If a bag is heavier, the volunteer will use a provided spoon to remove some rice. If it is too light, they will add more rice.

While these functions can be handled by children, an adult must handle the next step: each bag must be sealed, then boxed.

After the two-hour session ends, volunteers and staff regroup in the main room where had orientation. They are applauded by staff and told how many boxes they packed, how many children they fed and for how long, Hetzer said.

“Because you chose to come and here pack food for two hours, you changed the lives of 140 kids,” Hetzer tells volunteers.

Many businesses and groups use the packing sessions as team-building events, Hetzer said.

“Just yesterday we had Southwest Airlines here,” he said. “We had over 100 Southwest employees.”

Hetzer also said the Mesa Police Department will come in with full-gear to package food.

Other common volunteer groups are from Allstate, Humana, Wells Fargo, various schools from the Chandler and Mesa school districts, and fraternities at Arizona State University, Hetzer said.

Special needs groups will also attend sessions, he said.

“They will be primarily our label group,” Hetzer said.

Lauren Clay, Daniel Ariel and Tristan McDannel were part of a group of volunteers from Wells Fargo in Chandler.

All three have volunteered with other organizations before: McDannel with HALO Animal Rescue, Ariel with Dumb Friends League animal shelter; and Clay as a “carebear” at Sun Lakes of Arizona Community.

But all three said they prefer volunteering at Feed My Starving Children Mesa.

“I like that anyone can do it,” Clay said.

Young children, even under 5, participate by pouring ingredients into the bags, Hetzer said.

Although Feed My Starving Children is a Christian organization, it does not exclude people of other or no faiths, Hetzer said.

“It is a religious organization, but it doesn’t feel exclusionary,” Ariel said.

“It’s a lot livelier,” McDannel said. 

Dwayne Lewis, a student at Mesa Community College, has packaged food with Feed My Starving Children Mesa six times.

He enjoys how other volunteers communicate and help each other when they need it, he said.

The largest limitation Feed My Starving Children faces is funding, Hetzer said.

“At packing sessions, we ask for donations because all of our food is donated,” Hetzer said.

Without donations, Feed My Starving Children cannot purchase ingredients or pay for shipping, Hetzer said.

There also are never enough volunteers.
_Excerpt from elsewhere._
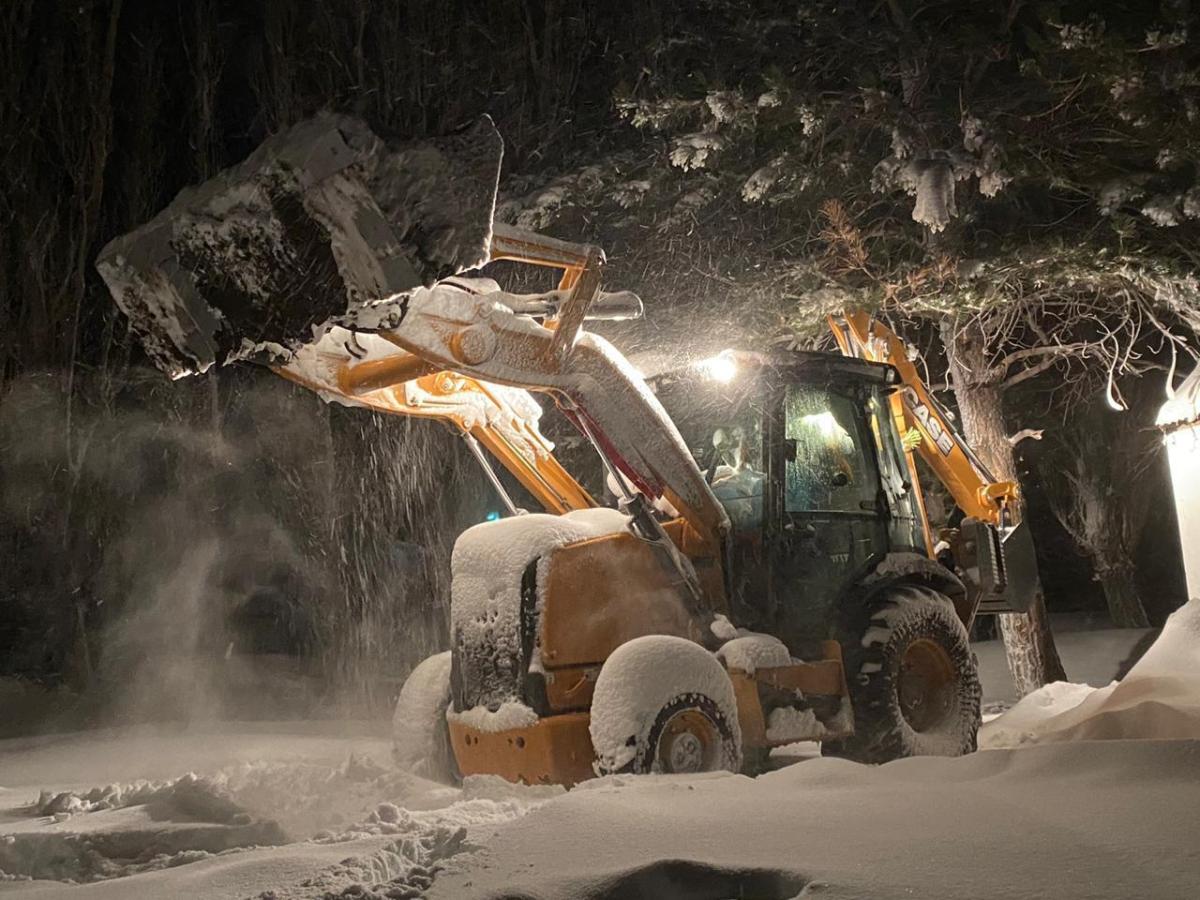 The CASE Backhoe Loader is hard at work clearing snow in the Argentinian high Andes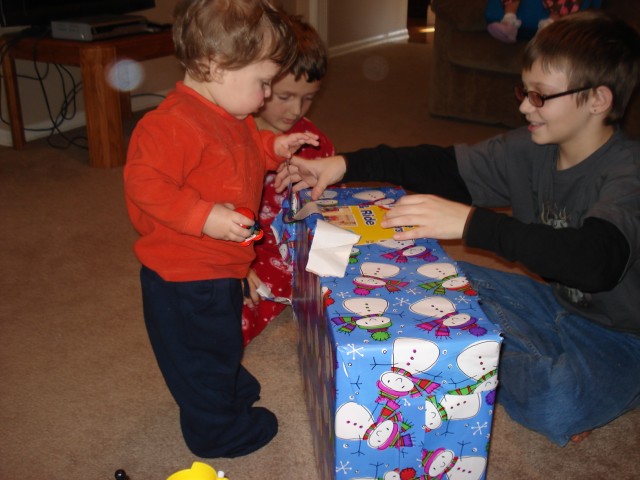 The boys helped Isaiah unwrap his next gift :)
The number can fluctuate weekly and can leave 50 to 60 spots open in a volunteer group, Hetzer said.

Still, the gaps do not make a major difference as the volunteers who are on hand often pick up the pace. Hence, Hetzer does not have to recruit many volunteers often, he said.

And when he does need volunteers, he said he contacts churches and affiliates of Feed My Starving Children. 

The five staff members also do not have much time to get to know the 200 volunteers very well in every two-hour session, he said. 

During sessions, staffers assist volunteers and during the 30 minute period between sessions, they replenish supplies and finish any cleaning that volunteers may not have completed properly, such as wiping down tables or sweeping, Hetzer said.

But Hetzer believes volunteers return regardless because of the kids they feed, he said.

During one of the debrief sessions, 200 people produced in two hours enough food to feed 140 kids for a year, Hetzer said.

“The reality is where else can you spend two hours of your day and change lives like that?”

Hetzer said he discovered that people have a “human desire to help the less fortunate,” something he said is especially noticeable during the holiday season when the packing sessions are “booked.”

Usually around holiday seasons, people want to give back and because kids are out of school, Hetzer said.

Hetzer believes Feed My Starving Children is successful for two main reasons: a “simple” mission of feeding kids and a “fun and rewarding,” family-friendly means of achieving it, he said.

Hetzer said many parents take their children to volunteer to combat “selfish” tendencies, noting:

“Parents want kids to be thankful for what they have.”